Parry sent his Three Songs to Joseph Barnby in the hope that he might recommend them to Novello. But he was to be disillusioned. Barnby could not recommend them. ‘The publication of such music could only benefit you,’ Barnby exclaimed, ‘and at the expense of publishing them at your own cost and giving away the copies in every direction. Forgive me speaking so plainly. Even Sir Sterndale Bennett’s classical works are in a business point of view almost worthless when compared with Brinley Richards and Blumenthal.’ Fortunately Parry was not deterred. The songs were published in 1873 by Lamborn Cock who also took on A Garland of Shakespearean and Other Old-Fashioned Songs, Op 21, in 1874.

English Lyrics
In 1873 Parry began to study with Edward Dannreuther, perhaps one of the most radical musicians in London at the time. With his catholic taste for the old and new, Dannreuther exerted an immense influence on his pupil. At the series of semi-private chamber concerts at 12 Orme Square, Bayswater, Dannreuther’s London home, Parry was exposed both to the wealth of classical and romantic chamber music and to the best of the continental Lieder tradition.
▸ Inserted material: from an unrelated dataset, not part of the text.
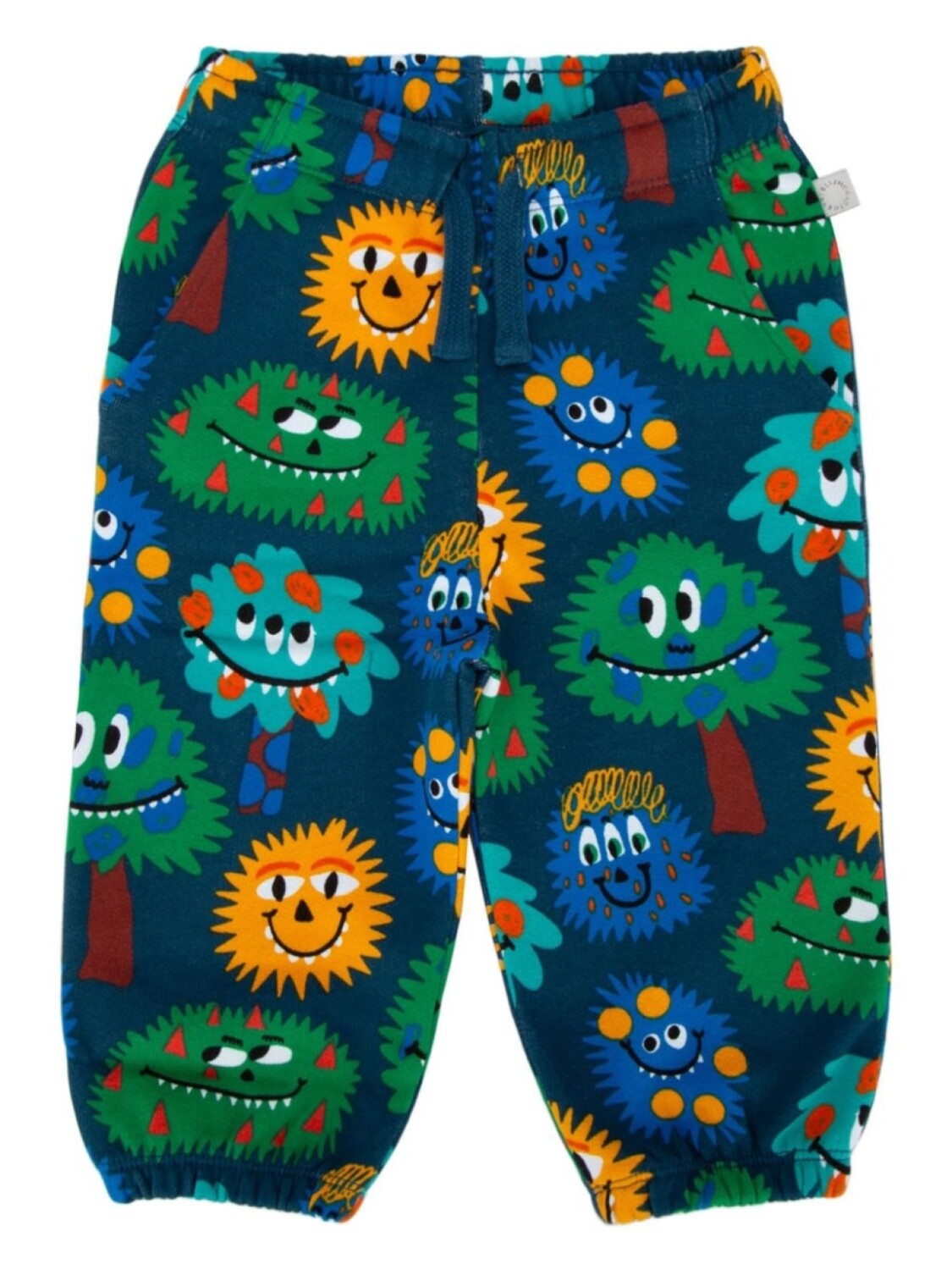 

Спортивные брюки с принтом Stella McCartney Kids, синий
It was here, in the hothouse of Dannreuther’s studio, that he came into contact with the song repertoire of Berlioz, Raff, Franz, Goetz, Wagner (his Fünf Gedichte), Liszt, Brahms and Dannreuther’s own Pre-Raphaelite effusions A Golden Guendolen and Love-Lily. Out of this heady maelstrom emerged Parry’s first serious song compositions, inspired primarily by his enthusiasm for Schumann and Brahms. His Four Sonnets by William Shakespeare (with texts in both English and German) were begun in 1873, but continued to be revised until the early 1880s. Written under the supervision of Sir George Macfarren, these songs demonstrate a new-found confidence in the handling of a modern harmonic apparatus. By the time Set I of the English Lyrics was published in 1885 (comprising songs composed between 1881 and 1885), Parry had fully assimilated the organic propensity of Brahms and the harmonic piquancy of Schumann, and he was able to ally these to his own brand of lyrical diatonicism.